• [Try it]:
An exact copy, beginning at the line containing "Four high school" and ending at the final line of the records that follow, is the answer; it has no pictures and no other text.

*** Opening Data excerpts ***

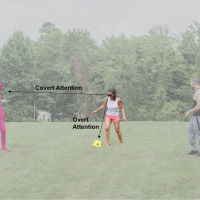 Three soccer players on a field. Center player looks down at the ball by her feet.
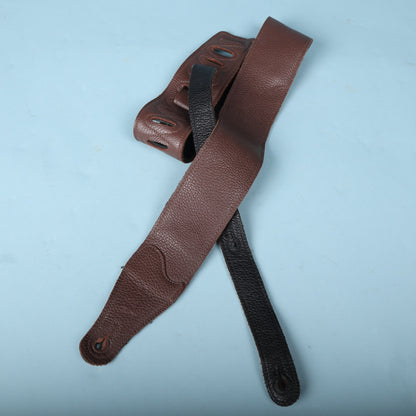 Levy's brown garment leather guitar strap showing both the brown top and black backing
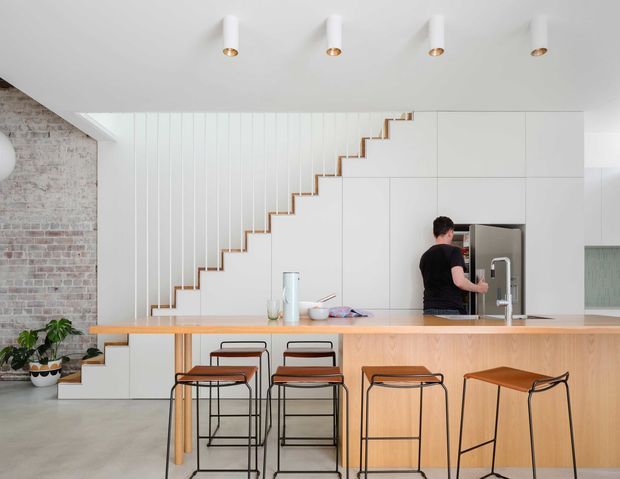Bright open-plan kitchen with a long timber island and integrated seating, white full-height cabinetry, a concealed stairway with timber-edged steps, exposed brickwork, concrete-look flooring, and minimalist cylindrical ceiling lights. A person is using the integrated refrigerator, while bar stools line the island.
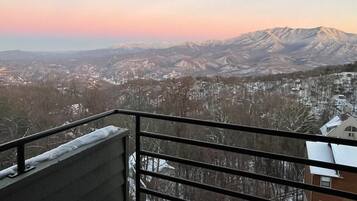 Un balcon offrant une vue sur un paysage montagneux au coucher du soleil.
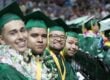 Four high school graduates sit in a row, smiling at the camera. They're wearing green caps and gowns.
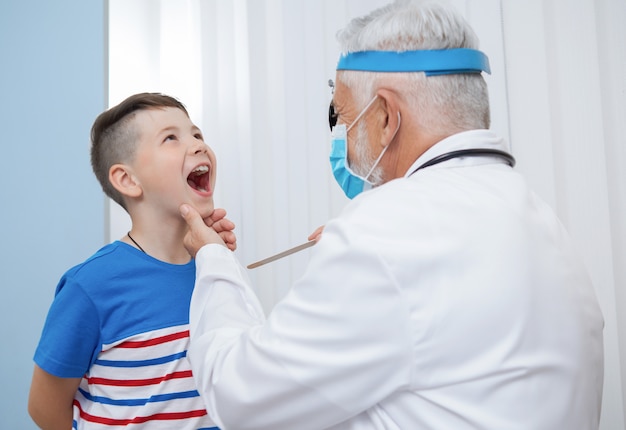 Médico otorrinolaringólogo que examina la garganta del niño.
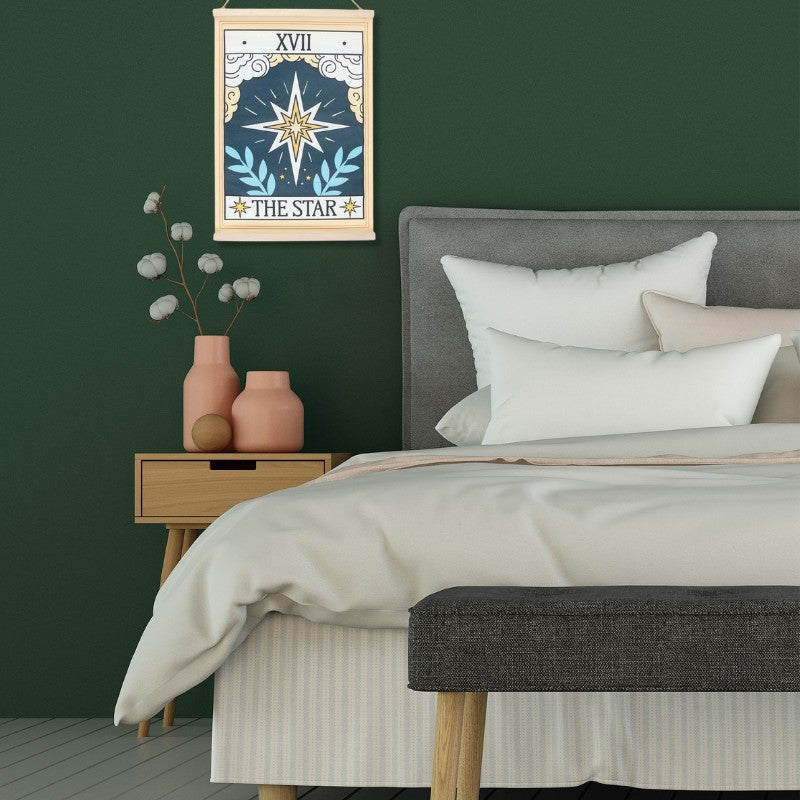 vintage tarot print wall hanging of "The Star" on a bedroom wall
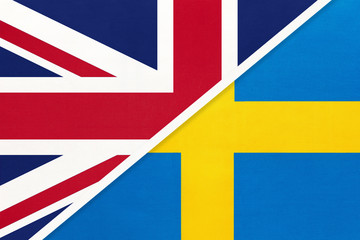 United Kingdom vs Sweden national flag from textile. Relationship between two european countries.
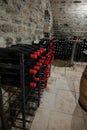 Stages of wine production from fermentation to bottling, visit to wine cellars in Burgundy, France. Aging in bottles Royalty Free Stock Photo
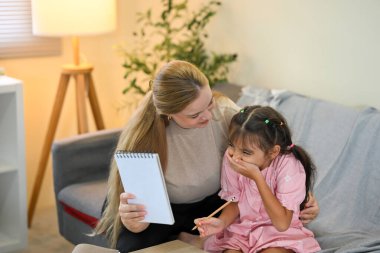 Mutlu anne küçük kızına ödevlerinde yardım ediyor, eğlenceli ve ilgi çekici bir anı paylaşıyor..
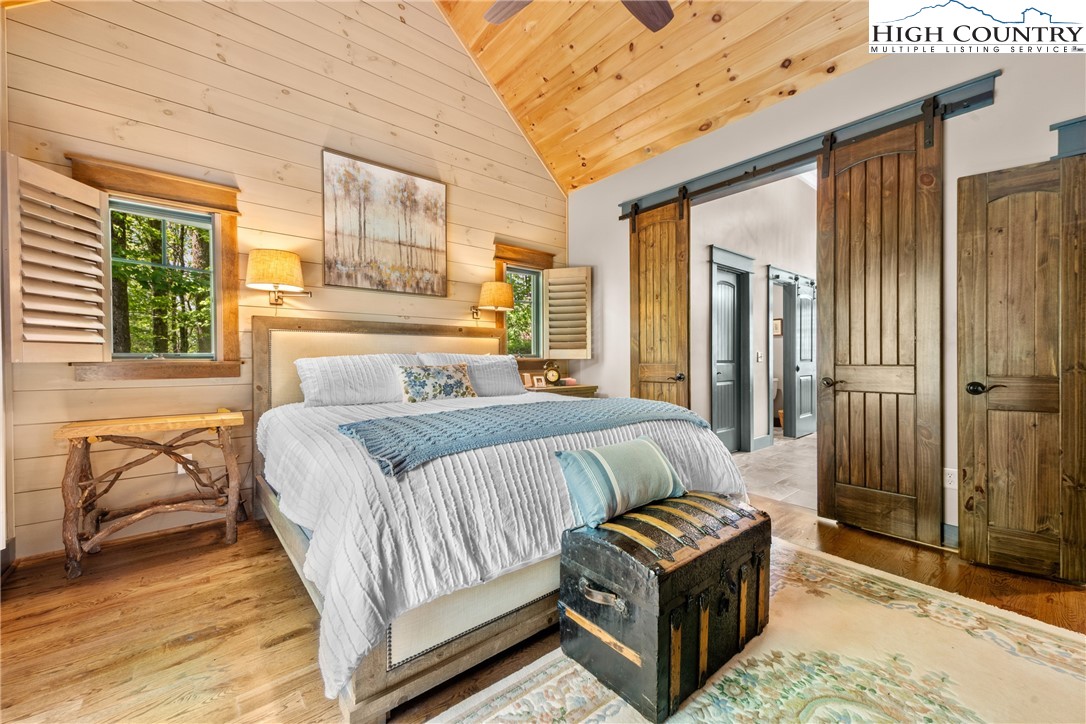 114 Preakness Boone, NC 28607 - Photo 21 of 49 a bedroom with a bed and wooden floor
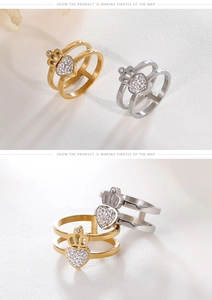 Close-up of double-layered heart and crown rings with white pavé cubic zirconia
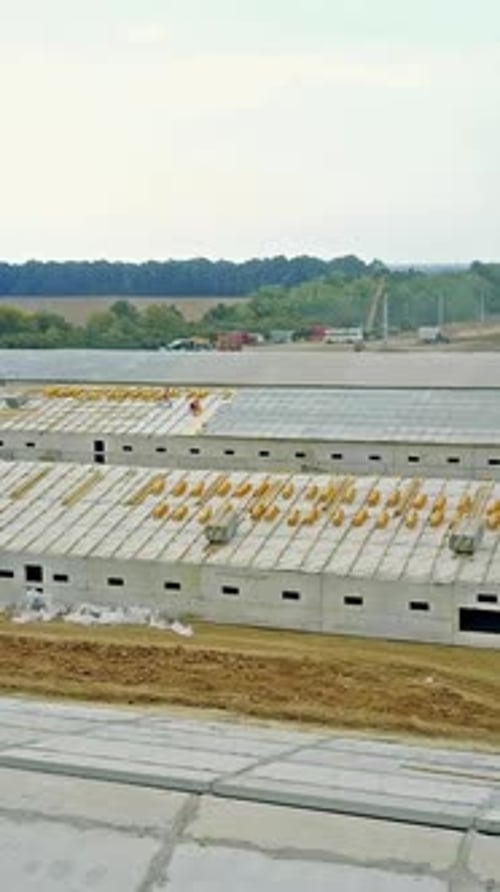 Constructing agriculture farm. Aerial view of construction site new farm for livestock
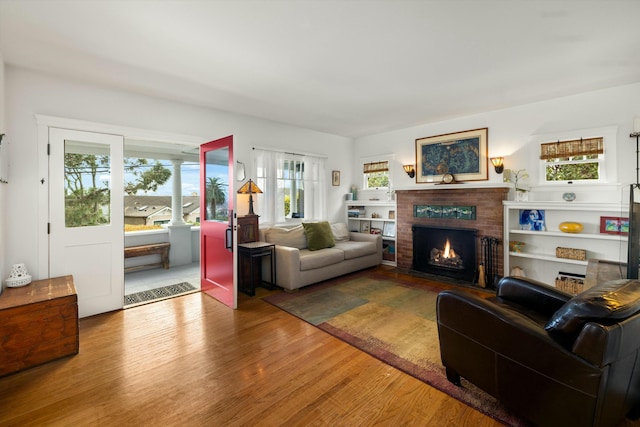 living room with a fireplace and wood finished floors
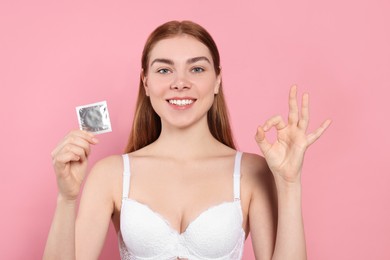 Photo of Woman in bra with condom showing ok gesture on pink background. Safe sex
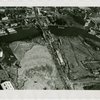 Fairgrounds - Pre-Construction - Flushing River with bridge under construction, aerial view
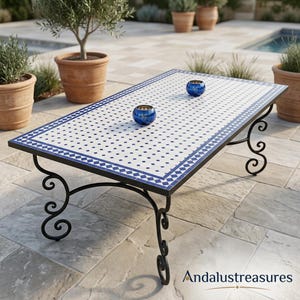 Può includere: Un tavolino rettangolare con piano in mosaico bianco e blu a motivo geometrico e base in ferro battuto nero con gambe a voluta. Due piccoli portacandele rotondi in vetro blu scuro sono posizionati sulla superficie piastrellata.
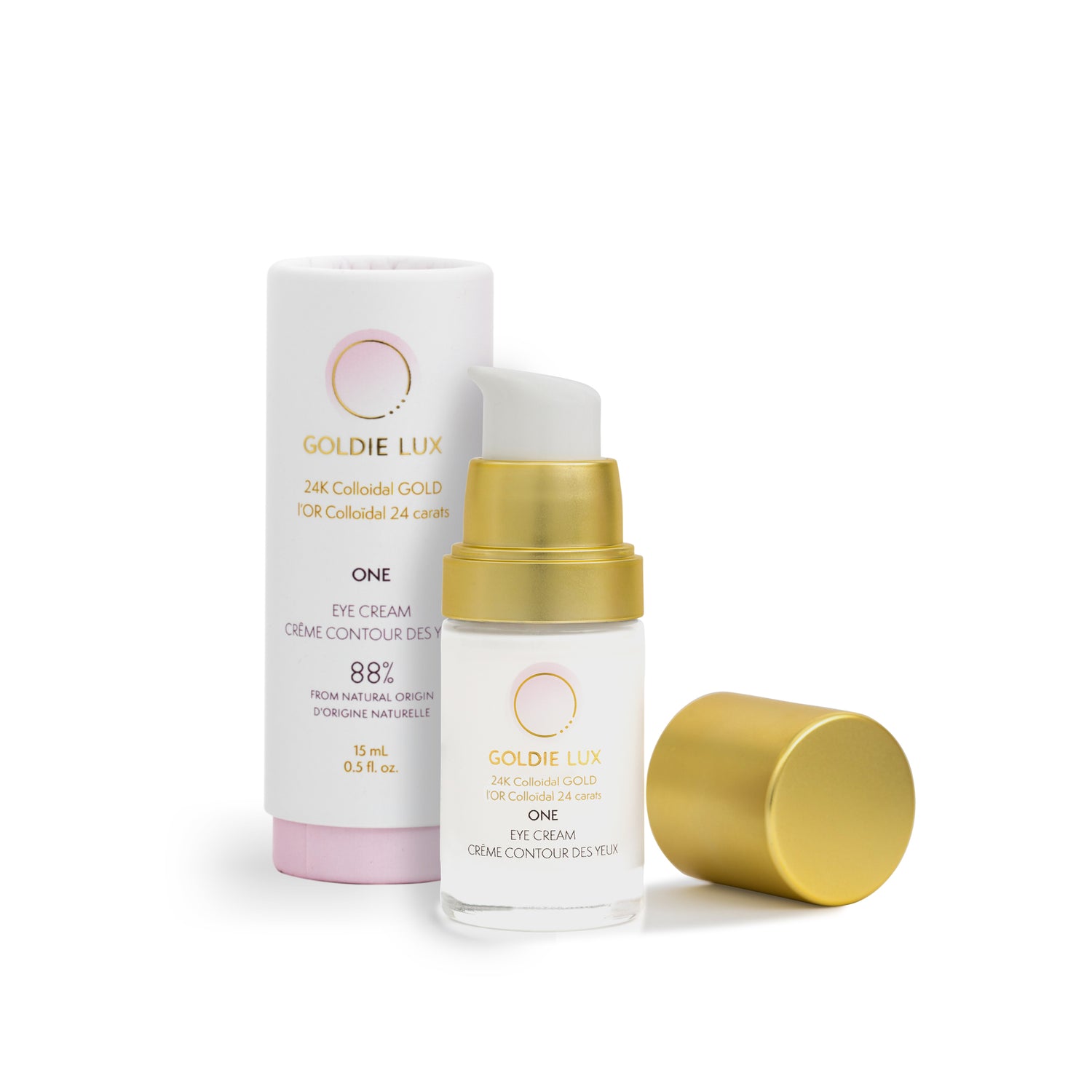 Goldie Lux | 24 Karat Colloidal Gold Eye Cream 15 mL. Cap is removed from glass bottle to show pump, and the outer packaging sits behind the bottle.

*** Closing Data excerpts ***

• [Answer to this problem]:
 Four high school graduates sit in a row, smiling at the camera. They're wearing green caps and gowns.
 Médico otorrinolaringólogo que examina la garganta del niño.
 vintage tarot print wall hanging of "The Star" on a bedroom wall
 United Kingdom vs Sweden national flag from textile. Relationship between two european countries.
 Stages of wine production from fermentation to bottling, visit to wine cellars in Burgundy, France. Aging in bottles Royalty Free Stock Photo
 Mutlu anne küçük kızına ödevlerinde yardım ediyor, eğlenceli ve ilgi çekici bir anı paylaşıyor..
 114 Preakness Boone, NC 28607 - Photo 21 of 49 a bedroom with a bed and wooden floor
 Close-up of double-layered heart and crown rings with white pavé cubic zirconia
 Constructing agriculture farm. Aerial view of construction site new farm for livestock
 living room with a fireplace and wood finished floors
 Photo of Woman in bra with condom showing ok gesture on pink background. Safe sex
 Fairgrounds - Pre-Construction - Flushing River with bridge under construction, aerial view
 Può includere: Un tavolino rettangolare con piano in mosaico bianco e blu a motivo geometrico e base in ferro battuto nero con gambe a voluta. Due piccoli portacandele rotondi in vetro blu scuro sono posizionati sulla superficie piastrellata.
 Goldie Lux | 24 Karat Colloidal Gold Eye Cream 15 mL. Cap is removed from glass bottle to show pump, and the outer packaging sits behind the bottle.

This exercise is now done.